|
I only heard about CA Prop 14 today. (My bad. I'm on the Right Coast, don't you know.)
It is supposed to go into effect in 2011, pending inevitable court challenges, and will dispense with the California state election system until now.
If I've understood it, here is how it works: There are no longer any primaries. There are also no longer any party lines on the ballot, which is probably what made it seem so seductive to populist sensibility across the political spectrum. All candidates enter a single primary, regardless of party. They don't have to announce an affiliation.
The top two vote-getters are put on the November general election ballot. Everyone else is out.

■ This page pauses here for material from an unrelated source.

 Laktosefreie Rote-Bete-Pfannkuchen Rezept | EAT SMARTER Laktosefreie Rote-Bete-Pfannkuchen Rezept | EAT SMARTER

On the face of it, it's like a run-off system. The idea might not have been a bad one - if it had been coupled with severe reform in campaign finance and media access. But how will it work in a state where one of the primary winners, Meg Whitman, paid more than $100 million out of her own pocket to get the Republican nomination? I heard today that she paid $150,000 for each vote she received in the Republican primary!
(Tangent: Pretty inefficient. Straight bribery would have got her 15 times, perhaps 150 times as many votes. I can see why the rich are still so frustrated by the system, and think it could favor them even more than it does. She could have also had an equivalent number of voters deported to reeducation camps and brought back as well-trained commandos willing to die for her, for less than what she paid.)

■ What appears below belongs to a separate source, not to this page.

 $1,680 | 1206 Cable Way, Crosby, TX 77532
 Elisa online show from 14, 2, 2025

Prop 14, also called the "Top Two" proposition, was touted as opening the way for "moderates" and "independents" to get around party dominance, and as a move that will strengthen the "center" and weaken the "extremes" of left and right. Interestingly, the only two counties where the vote went against Prop 14 were San Francisco, which should require no introduction, and Orange, which most of you will also know as very right-wing, sort of the birthplace of Reaganist thinking and the anti-tax revolt of the last four decades.
Everyone else fell for the scam. All four of the small parties on the California ballot campaigned against the measure, alongside the Democrats and the Republicans.
It should be a tip-off that Schwarzenegger was a big advocate. He got where he is thanks to a similarly fake-populist abuse. Huge money went into the Gray Davis recall, with Schwarzenegger as the automatically annointed of the corporates who initiated the recall (largely in order to avoid prosecution for their role in the Enron-run California "energy crisis" of 2001).
The recall ballot was a joke: it ran for several pages, and had dozens of candidates, all of them identified by profession: "Joe Schlabotnik, Businessman. Jane Soandso, Businesswoman." In the middle of this phone book, a Hollywood star who kills every problem he confronts. The idea was to capture all the outrage at systemic corruption and channel it into the idiocy that a depoliticized hero of "character" will arrive on horseback with "new ideas" to save the day, with no actual specifics or social movement required for "change."
I can imagine this will be what the Tea Party nonsense mutates into as it moves toward something more palatable to the blue-state "center": atomized politicians with no obligations whatsoever, everything more personalized than ever.
Huge corporate money went into the Prop 14 Yes campaign. In practice, it will of course serve the worst of the Republocrat Demoblicans and incumbents of all kinds. Incumbents will practically be guaranteed their spot in the top two, as they are today. Any upstarts who benefit will get in on the strength of money, nothing more. Americans will continue to fall into the bizarro camp of depoliticized revolutionary outrage. The problem is "politics," the solution is "individuals" of "character" who don't have an ugly party affiliation next to their name and who claim to know nothing of left or right.
At best, this is a waste of the energy that could have gone into a genuine reform, like proportional representation or a public campaign finance system. (In related news, the Supreme Court overturned Arizona's public financing system as undemocratic, because it would limit the speech of those who want to spend lots and lots more than what the public system allows.) A lot of people in California imagine they just pulled off a populist coup. It's counter-populism, just like the Tea Party.